In this problem we will investigate the t-statistic for the null hypothesis \(H_0 : \beta = 0\) in simple linear regression without an intercept.

Questions

Some of the exercises are not tested by Dodona (for example the plots), but it is still useful to try them.

To begin, we generate a predictor \(x\) and a response \(y\) as follows.

set.seed(1)
x <- rnorm(100)
y <- 2 * x + rnorm(100)
  1. Perform a simple linear regression with dependent variable \(y\) and independent variable \(x\), without an intercept. Store the model in lm.fit1. Report the coefficient estimate \(\hat{\beta}\), the standard error of this coefficient estimate, and the t-statistic and p-value associated with the null hypothesis \(H_0\) in the variables in beta.hat1, se1, t.stat1 and p.value1. (You can perform regression without an intercept using the command lm(y ~ 0 + x) and you can find the exact values of the beta coefficients, standard errors… with summary(lm.fit)$coefficients)

  2. Now perform a simple linear regression with dependent variable \(x\) and independent variable \(y\), without an intercept. Store the model in lm.fit2. Report the coefficient estimate \(\hat{\beta}\), the standard error of this coefficient estimate, and the t-statistic and p-value associated with the null hypothesis \(H_0\) in the variables in beta.hat2, se2, t.stat2 and p.value2.

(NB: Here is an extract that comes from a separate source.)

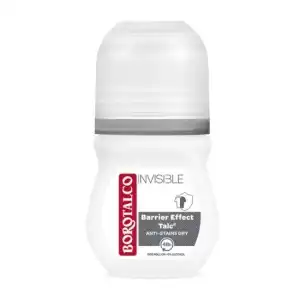 Biztonságos vásárlás Borotalco Invisible Gray golyós dezodor 50ml,...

  3. MC1: What is the relationship between the results obtained in 1. and 2.?
    1. Both results in 1. and 2. reflect the same line. Therefore, the coefficient estimates and standard error are equal. In other words, \(y = 2x + \varepsilon\) could also be written \(x = 0.5(y - \varepsilon)\).
    2. Both results in 1. and 2. reflect the same line. Therefore, the t-statistics and p-values are equal. In other words, \(y = 2x + \varepsilon\) could also be written \(x = 0.5(y - \varepsilon)\).
  4. For the regression of \(Y\) onto \(X\) without an intercept, the t-statistic for \(H_0 : \beta = 0\) takes the form \(\hat{\beta}/SE(\hat{\beta})\), where \(\hat{\beta}\) is given by \(\hat\beta=\left ( \sum_{i=1}^{n}x_i y_i \right )/\left ( \sum_{i=1}^{n}x_{i'}^2 \right )\) and where

    \[SE(\hat{\beta}) = \sqrt{\frac{\sum_{i=1}^n(y_i - x_i\hat{\beta})^2}{(n - 1)\sum_{i=1}^nx_i^2}}\]

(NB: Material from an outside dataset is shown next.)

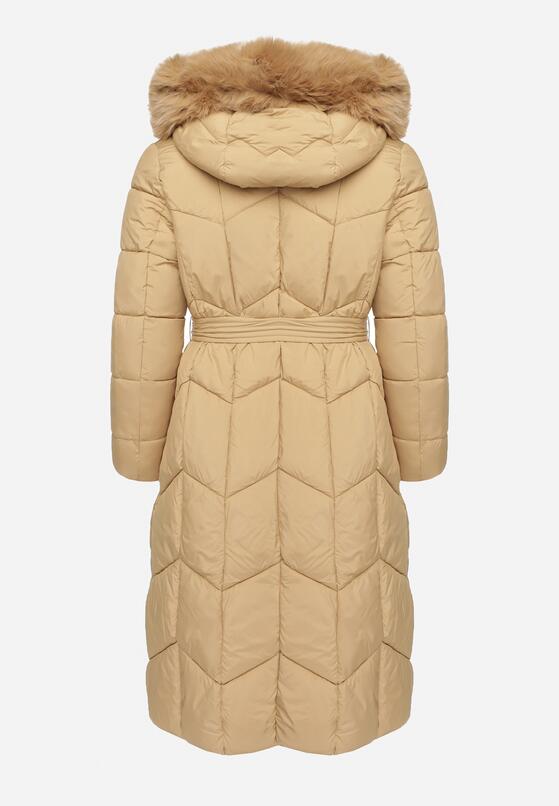 Бежева Куртка 7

    Show algebraically, and confirm numerically in R, that the t-statistic can be written as

    \[\frac{\sqrt{n - 1}\sum_{i=1}^nx_iy_i}{\sqrt{(\sum_{i=1}^nx_i^2)(\sum_{i=1}^ny_i^2) - (\sum_{i=1}^nx_iy_i)}}\]
  5. Using the results from 4., argue that the t-statistic for the regression of \(y\) onto \(x\) is the same t-statistic for the regression of \(x\) onto \(y\).

  6. In R, show that when regression is performed with an intercept, the t-statistic for \(H_0 : \beta_1 = 0\) is the same for the regression of \(y\) onto \(x\) as it is the regression of \(x\) onto \(y\). Store the model in lm.fit3 and lm.fit4, respectively. Store the t-statistics for \(H_0 : \beta_1 = 0\) in t.stat3 and t.stat4, respectively.